Research

Publications

''Reinforcement or Compensation? Parental Responses to Children’s Revealed Human Capital Levels in Ethiopia'' with Catherine Porter. Journal of Population Economics, Volume 33, pages 233-270 (2020) (5-year IF 1.954 ABS 3);

also published as Young Lives Working Paper No. 183 (2018).

Abstract: A small but increasing body of literature finds that parents invest in their children unequally, but the evidence is contradictory, and providing convincing causal evidence of the effect of child ability on parental investment in a low-income context is challenging.
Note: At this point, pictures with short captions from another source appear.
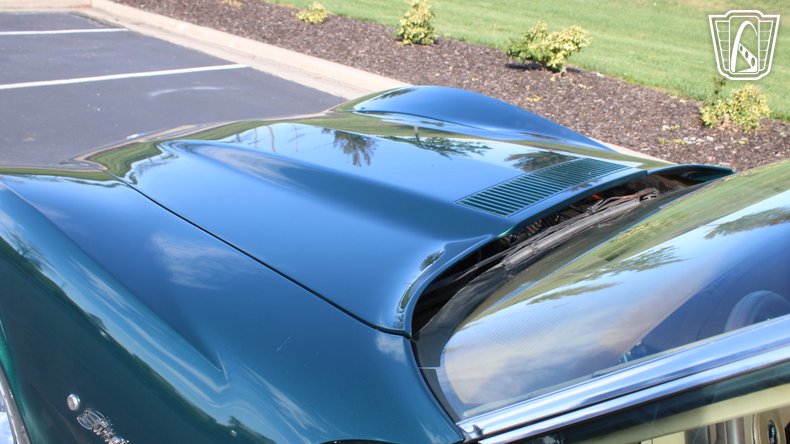 1976 Chevrolet Corvette 10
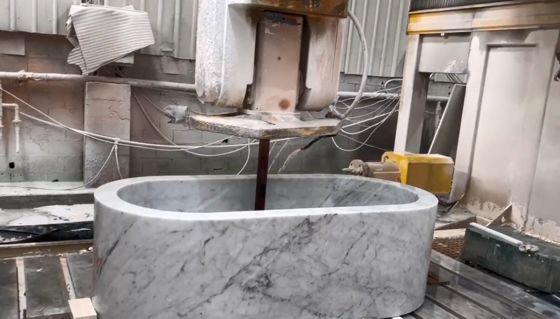 5-osiowy router CNC z 20 kW BT40 Węzeł Prawdziwe 5-osiowe sterowanie równoczesne i hybrydowy projekt stołu do precyzyjnego cięcia kamienia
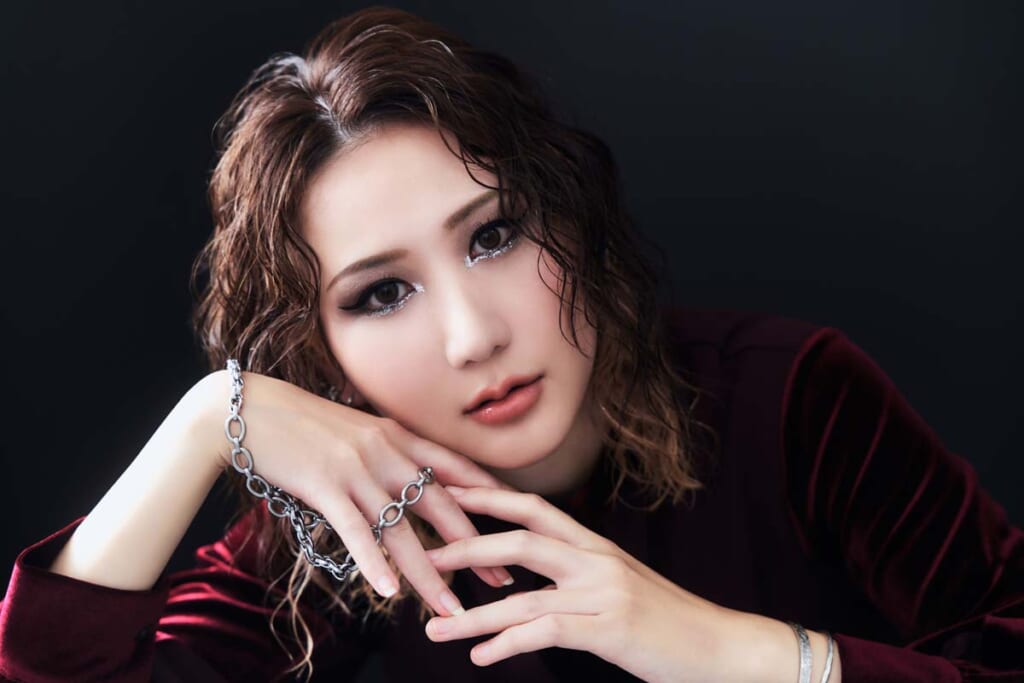 猪居亜美
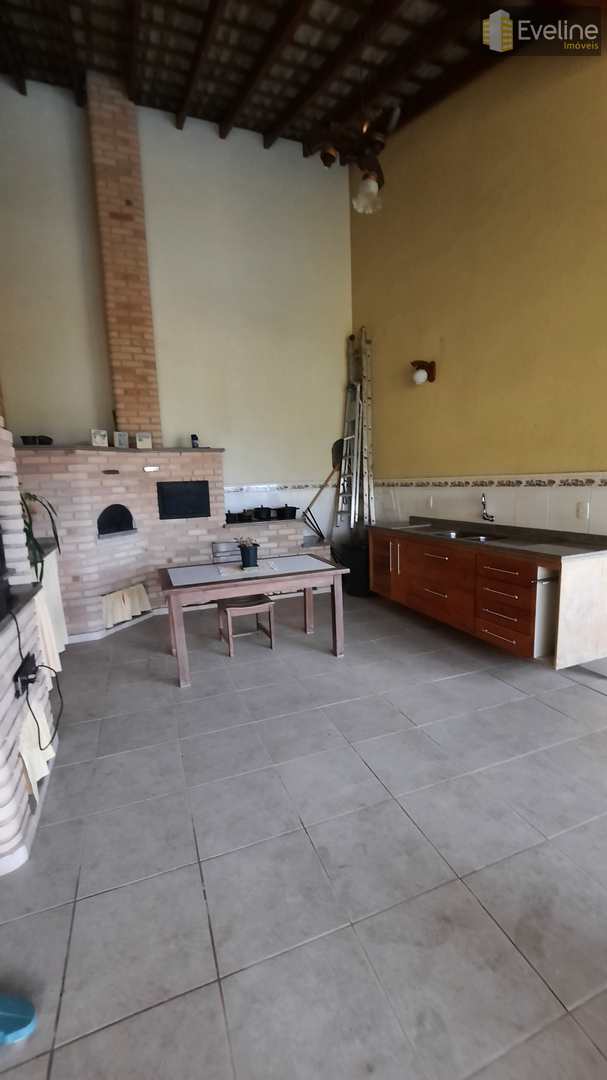 Casa à venda com 3 quartos, 300m² - Foto 21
This paper examines how parents respond to the differing abilities of primary school-age Ethiopian siblings, using rainfall shocks during the critical developmental period between pregnancy and the first three years of a child's life to isolate exogenous variation in child ability within the household, observed at a later stage than birth. The results show that on average parents attempt to compensate disadvantaged children through increased cognitive investment. The effect is significant, but small in magnitude: parents provide about 3.9% of a standard deviation more in educational fees to the lower-ability child in the observed pair. We provide suggestive evidence that families with educated mothers, smaller household size, and higher wealth compensate with greater cognitive resources for a lower-ability child.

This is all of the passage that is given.